Re: [RFC PATCH] locking/percpu-rwsem: do not do lock handoff in percpu_up_write

From: Hillf Danton
Date: Fri Jan 26 2024 - 07:43:43 EST


On Thu, 25 Jan 2024 13:08:02 -0800 Benjamin Segall <bsegall@xxxxxxxxxx>
> Hillf Danton <hdanton@xxxxxxxx> writes:
> > On Wed, 24 Jan 2024 14:10:43 -0800 Benjamin Segall <bsegall@xxxxxxxxxx>
> >> Hillf Danton <hdanton@xxxxxxxx> writes:
> >> > On Mon, 22 Jan 2024 14:59:14 -0800 Benjamin Segall <bsegall@xxxxxxxxxx>
> >> >> So the actual problem we saw was that one job had severe slowdowns
> >> >> during startup with certain other jobs on the machine, and the slowdowns
> >> >> turned out to be some cgroup moves it did during startup. The antagonist
> >> >> jobs were spawning huge numbers of threads and some other internal bugs
> >> >> were exacerbating their contention. The lock handoff meant that a batch
> >> >> of antagonist threads would receive the read lock of
> >> >> cgroup_threadgroup_rwsem and at least some of those threads would take a
> >> >> long time to be scheduled.
> >> >
> >> > If you want to avoid starved lock waiter, take a look at RWSEM_FLAG_HANDOFF
> >> > in rwsem_down_read_slowpath().
> >>
> >> rwsem's HANDOFF flag is the exact opposite of what this patch is doing.
> >
> > You and I are not on the same page.
> >
> >> Percpu-rwsem's current code has perfect handoff for read->write, and a very
> >> short window for write->read (or write->write) to be beaten by a new writer.
> >
> > Given no chance left for spin on owner who is legal to take a ten-minute nap,
> > the right thing known to do on behalf of starved waiters is to add the HANDOFF
> > mechanism without any heuristic like you proposed for instance, in order to
> > force lock acquirers to go the slow path.
> >
> > Only for thoughts.
>
> This is not the type of slowdown that is the problem my patch is trying
> to address. (And due to the way percpu-rwsem works sem->ww is nearly
> entirely redundant with sem->block - the first waiting writer is instead
> waiting on rcuwait and holds sem->block while doing so)
>
> The problem that my patch addresses is:
>
> Writer is done: percpu_up_write
> atomic_set_release(&sem->block, 0); // #1
> wake a batch of readers:
> percpu_rwsem_wake_function -> __percpu_rwsem_trylock(reader) // #2
> wake a single writer
> percpu_rwsem_wake_function -> __percpu_rwsem_trylock(writer) // #3
> new writer wakes up (holding sem->block from #3)
> sees the readers holding the lock from #2, now sleeps on rcuwait
> time passes // #4
> readers finally get to run, run quickly and release the lock
> now the writer gets to run
>
> Currently the only source of unfairness/optimistic locking is the window
> between #1 and #2, which occur in quick succession, on the same thread,
> and with no SPIN_ON_OWNER to make this window more likely than it
> otherwise would be.

The sem->ww introduced closes the window between #1 and #2 by define
as it is derived from rwsem's HANDOFF.
>
> My patch makes the entire #4 available to writers (or new readers), so
> that the woken writer will instead get to run immediately. This is

Victims rise in case the woken readers at #2 have been waiting more
than a minute while the woken writer less than 20ms.
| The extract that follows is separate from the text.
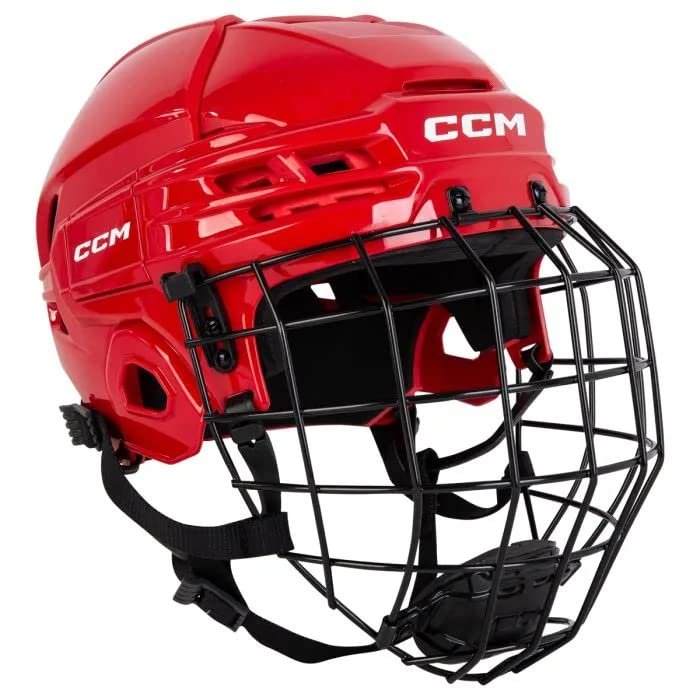 CCM Tacks 70 Hockey Helmet Combo with Cage, Senior (Senior Medium, Red)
> obviously much less fair, but provides much better throughput (ideally
> it might have some sort of delay, so that in more normal circumstances
> readers don't have to win the wakeup race by luck and being woken
> slightly sooner, but I don't have that).
>
> This is also only useful because of the assumption that readers will
> almost always not actually block (among other required assumptions) - if

Like heuristic, any assumption makes the locking game more complex than
thought without real win.

> they regularly sleep while holding the lock, then saving writers from
> that first wakeup latency of readers isn't particularly helpful anymore,
> because they'll still be delayed by the other wakeup latencies.